Zipkin represents work as spans with identifiers that allow reconstruction of a causal tree of calls across services like Spring Boot, Hibernate, Express (web framework), and Django. It uses concepts compatible with OpenTracing and OpenTelemetry such as span context propagation via headers often aligned with B3 (binary) propagation or W3C Trace Context. Instrumentation libraries capture annotations like "cs", "sr", "ss", and "cr" that map to client send and server receive events familiar to users of gRPC, Thrift, and HTTP/1.1 clients. Sampling decisions can be influenced by services such as Istio, Linkerd, and Consul to reduce volume while retaining representative traces for systems like Cassandra (database), Redis, and MongoDB.
Zipkin is commonly deployed on orchestration platforms including Kubernetes, Amazon ECS, and HashiCorp Nomad, with storage options on Amazon RDS, Amazon S3, Google Cloud Storage, and Azure Blob Storage. It integrates with middleware and proxies such as Envoy (software), HAProxy, and Traefik and with CI/CD systems like Jenkins, GitLab CI/CD, and GitHub Actions to collect traces across testing and production pipelines. Enterprises combine Zipkin traces with logging platforms like ELK Stack, Splunk, and monitoring suites from Datadog and New Relic to correlate incidents with traces originating in services built on Spring Cloud, Micronaut, Quarkus, and Apache Camel.

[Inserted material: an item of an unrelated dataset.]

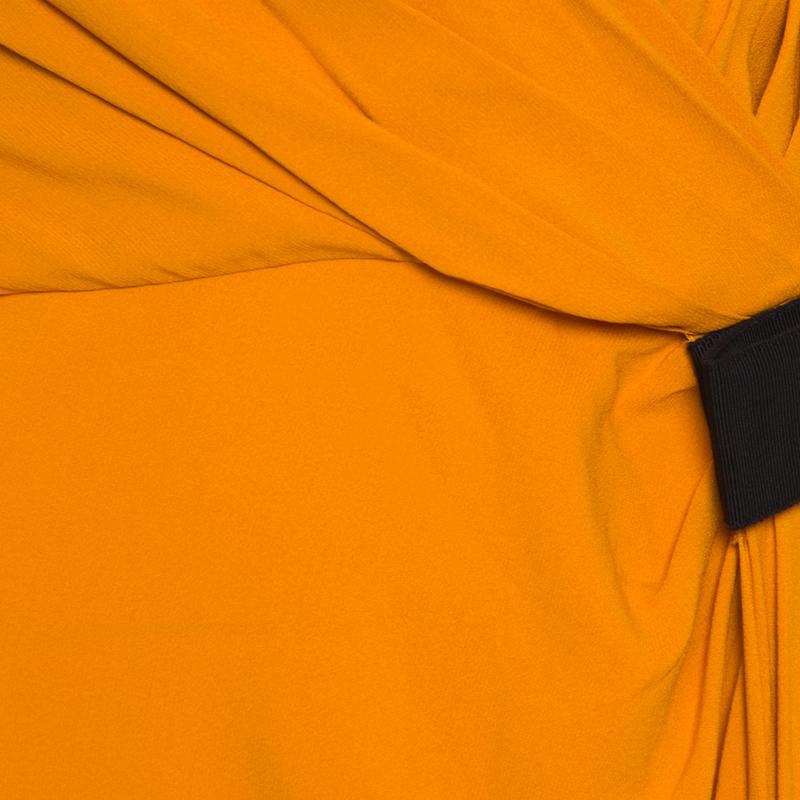 N21 Mustard Yellow Asymmetric Pleat Detail Lace Trim Maxi Dress L In Good Condition In Dubai, Al Qouz 2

Zipkin is used for latency analysis, root cause isolation, dependency visualization, and SLO/SLA verification across microservices architectures implemented with Spring Boot, Node.js, Go (programming language), and Ruby on Rails. Benchmarks compare Zipkin storage backends such as Apache Cassandra and Elasticsearch for throughput and query latency in environments employing Kubernetes or Amazon EC2 Auto Scaling. Zipkin scales horizontally by sharding collectors and leveraging storage clusters like Cassandra (database) and Elasticsearch; organizations pair it with streaming systems like Apache Kafka and Amazon Kinesis for resilient ingestion. Enterprises such as Twitter, Netflix, and other cloud-native adopters have demonstrated Zipkin's utility for troubleshooting distributed transactions across services communicating via HTTP/2, gRPC, and Thrift.
Zipkin was created at Twitter in 2012 to address tracing challenges in distributed systems and later became part of the OpenZipkin community, which includes contributors from companies like Twitter, Google, Uber Technologies, and Red Hat. Over time it incorporated propagation formats influenced by standards from W3C and interoperability work with OpenTracing and OpenTelemetry. Development milestones include support for storage backends such as Apache Cassandra and Elasticsearch, the introduction of B3 propagation, and client libraries for languages adopted by projects like Spring Framework, gRPC, Django, and Express (web framework). The project has evolved alongside observability ecosystems featuring Prometheus, Grafana, Jaeger, and ELK Stack.